22 March 2013 By ASU

The ASU welcomes the Gillard Government launch of the National Cultural Policy. "Creative Australia" will reform Australian Government support for the arts, cultural heritage and creative industries.

In welcoming the Government's announcement on the National Cultural Policy, ASU Assistant National Secretary, Greg McLean said, "Bringing the opportunity for local government to play an important role in the area of the arts is a natural blend of the arts community and the local community."

"The local jobs and community spend that's attached to performances and gallery exhibits, plus the engagement through local government community arts officers, gallery staff and libraries all bring the arts to our local community. This means better quality of life for the community and bring the arts to areas that may not normally benefit, as well as encouraging development of young Australians and building local employment opportunities for all. The opportunity to use the digital economy to benefit local government and the cultural and creative arts cannot be underestimated," Greg concluded.

Local government brings communities together. Councils own and operate entertainment centres, libraries, galleries and museums; they facilitate relationships between the community, creative projects and venues and provide local jobs to creative Australians. Urban, regional and rural councils have a long history supporting the creative arts, protection, promotion and conservation of cultural activities and artefacts.

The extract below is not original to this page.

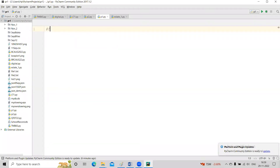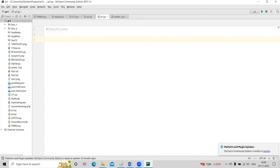We'll continue our discussion on functions. Yesterday we discussed functions that take input values and return values. There's not much more to say on the return part — you can return or not return, you can return multiple values. On the input parameters there are different types, and that's what we're going to see today. The first type is what we did yesterday.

Local government is the best placed level of government to promote social cohesion through cultural initiatives at the community level.

Quoting "THE FOURTH PILLAR OF SUSTAINABILITY Culture's essential role in public planning" by Jon Hawkes:

It [local government] is the tier of governance closest to the citizenry, ...the one most in touch with, and capable of being responsive to, its constituency. It is probably the best governance level at which to develop new methodologies of participatory democracy and cultural action. It is ideally placed to stimulate community debate on the values and aspirations that should inform our future, and to plan its actions in direct response to the visions of the community.

Quality local government services must be able to maintain venues where our cultural experience can be shared as well as provide local jobs. The Federal Government partnership policy or National Arts and Culture Accord, that ties together all levels of government through coordinated and collaborative support mechanisms, must effectively support investment in arts and the significant benefits that flow to communities and local economies.

Some key areas directly affecting local government include:

  • Establishing a national network for museums and galleries which will be managed in partnership between the National Museum of Australia and Museums Australia.
  • Coordination of local government cultural activities through the National Local Government Cultural Forum, in partnership with the Australian Local Government Association, the Global Cities Research Institute at RMIT University and the Australia Council.
  • Continuing investment in Australia's cultural infrastructure through the Regional Development Australia Fund.
  • Regional Arts Development Officers will continue to work with government to assist communities to improve their cultural infrastructure and promote their artistic and cultural achievements.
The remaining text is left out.